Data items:

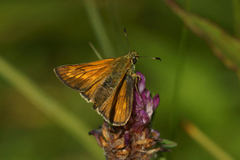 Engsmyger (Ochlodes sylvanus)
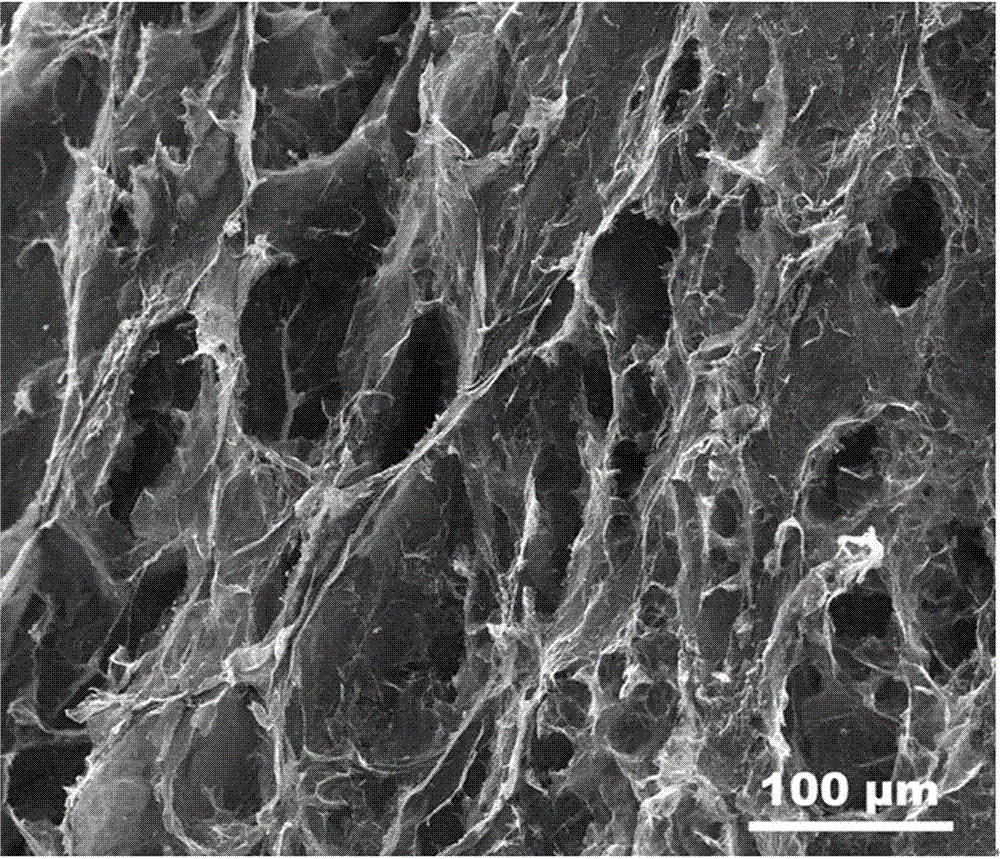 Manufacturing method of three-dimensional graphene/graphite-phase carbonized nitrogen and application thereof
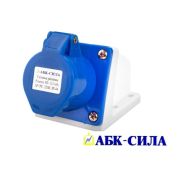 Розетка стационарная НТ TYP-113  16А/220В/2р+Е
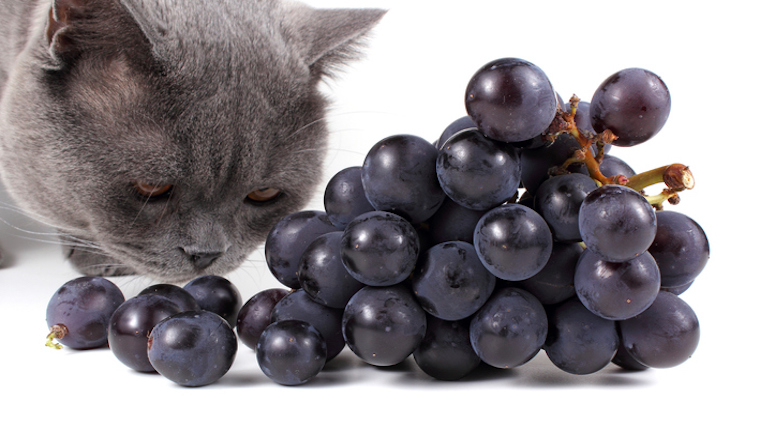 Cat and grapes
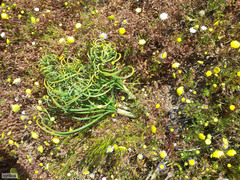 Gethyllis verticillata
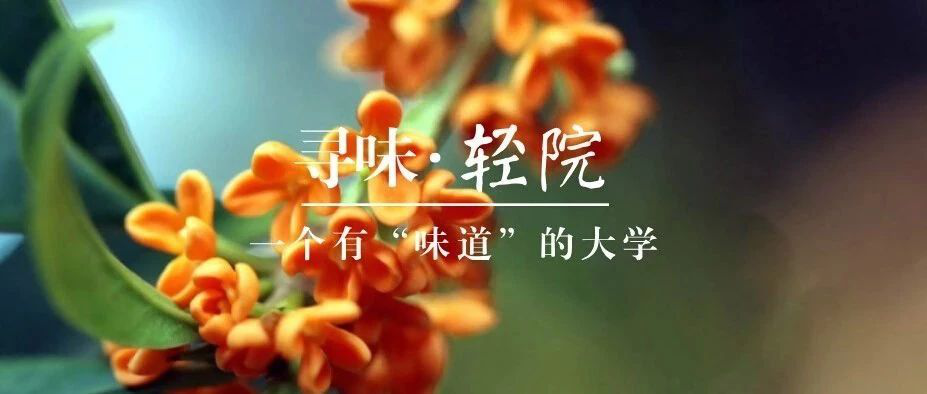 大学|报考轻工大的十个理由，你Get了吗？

---

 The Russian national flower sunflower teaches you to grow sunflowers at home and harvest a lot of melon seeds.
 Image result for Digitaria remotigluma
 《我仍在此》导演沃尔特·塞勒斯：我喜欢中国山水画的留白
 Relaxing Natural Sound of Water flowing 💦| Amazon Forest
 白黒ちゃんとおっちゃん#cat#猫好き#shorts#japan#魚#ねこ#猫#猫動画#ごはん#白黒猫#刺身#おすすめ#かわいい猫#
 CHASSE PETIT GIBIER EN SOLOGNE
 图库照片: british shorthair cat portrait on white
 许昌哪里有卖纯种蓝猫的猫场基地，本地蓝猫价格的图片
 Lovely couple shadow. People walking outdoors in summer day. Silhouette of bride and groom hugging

• _Task to carry out_
Set down exactly the lines of the data above, beginning with the line that has "图库照片: british shorthair" and ending with the line that has "Lovely couple shadow.", and no others.

• _The completed task_
 图库照片: british shorthair cat portrait on white
 许昌哪里有卖纯种蓝猫的猫场基地，本地蓝猫价格的图片
 Lovely couple shadow. People walking outdoors in summer day. Silhouette of bride and groom hugging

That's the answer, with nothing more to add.